Tony Kemp, New Zealand Rugby League's high performance director coach, says he and fellow panelists Dion Hobson and Winton Rufer are looking at the feasibility of an education facility where kids can play sport and learn life skills in a fun environment.

He says there's a real drop off in Maori teenagers on the playing field.

“You look at schools and you’re not allowed to play bulrush at lunchtime. You don’t see kids walking round with a footie in their hands, jumping up in trees and retrieving it, because there’s so many other things they can get their hands to and I think as a society we need to approach this more on an adult scale than a child scale and start pushing them back out there,” Mr Kemp says.


A waka for women and children will tomorrow be taken to her new home.

Hine-moana, Waka Tete Kura, the Maiden of the sea, is being housed alongside the Mataatua waka on Whakatane's Mataatua Reserve.

Tepene Mamaku, the kaumatua for Toi Maori, says he first had the idea for Hine-moana back in 1990, when Maatatua was launched as a waka for men only.

“I'm glad that Hinemoana is now there so that women and children equally take part in learning of the traditions and historical value of the waka… And it also takes them off the streets anyway,” Mr Mamaku says.

The waka is owned by Toi Maori Aotearoa, under its two national committees, He Awhi Tikanga, and Nga Waka Federation.


A man who invaded TVNZ's news studio 15 years ago isn't ruling out a similar response to the state broadcaster's latest overhaul of its Maori programming.

Piripi Haami was part of a group that protested the shifting of Maori language news bulletin, Te Karere, to make way for cricket coverage.

He says TVNZ is still showing its disrespect for te reo Maori by rescheduling Te Karere into a mid afternoon slot.

The original protesters have been discussing their response.

“Could we focus on the direction of going in and sorting it out again. I’d love to. We’d love to,” Mr Haami says.

As well as shifting some programmes around, TVNZ intends to treble its Maori programming, including new Maori focused reality and drama shows.

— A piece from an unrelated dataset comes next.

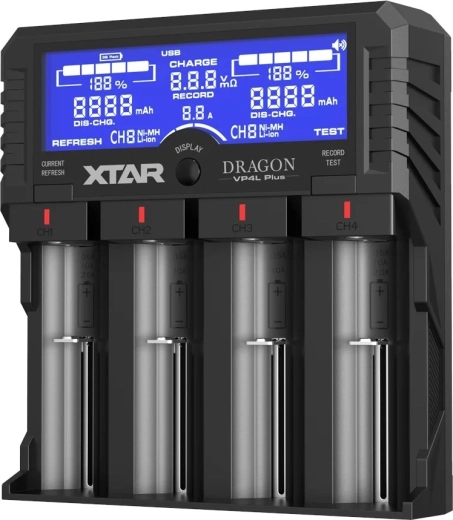 XTAR dragon VP4L plus oplader til Li-ion- og Ni-MH-akkumulatorer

Whanganui iwi are getting another chance to restrict the amount of water taken out of their river.

The Court of Appeal has granted them leave to appeal against a High Court decision that reinstated Genesis Power's 35-year consent to take water for the Tongariro Power scheme.

Jamie Fergusson, the lawyer for the Whanganui River Maori Trust Board, says the iwi want to go back to an Environment Court ruling that gave Genesis a 10-year water right, to give it the opportunity to reach a long
term agreement with the tribes.

He says there are important questions to be resolved about the Resource Management Act.

“If the key is sustainable management, what does that mean in terms of this application in the Tongariro power development where there’s obviously a recognised need for power generation but on the other hand there’s also been a recognition by the Environment Court that there are significant adverse effects on the cultural and spiritual values and interests of Maori,” Mr Fergusson says.

The appeal is unlikely to be heard before next year.


The daffodil sellers were out in force today raising money for the Cancer Society.

Chief executive Dalton Kelly says the society has been working with Maori around the country to strengthen relationships and develop services.

All the society's pamphlets are now available in te reo.

Mr Dalton says a disproportionate number of Maori are coming down with various forms of cancer.

"One in three New Zealanders are affected by cancer and regrettably one in four New Zealanders will die, and I have to say Maori people are disproportionately high in those figures and particularly in the area of smoking,” Mr Kelly says.

He says 25 percent of cancer deaths can be directly attributed to smoking.


Anonymous atihana said...

The finding of koiwi of children would not be unusual for that period. Where I come from most were buried in sand hills. The arrival of introduced diseases from another continent that had them namely Europe from about 1790 onwards was devastating and sliced through the Maori population. But for that, colonization of Aotearoa would have been a lot harder.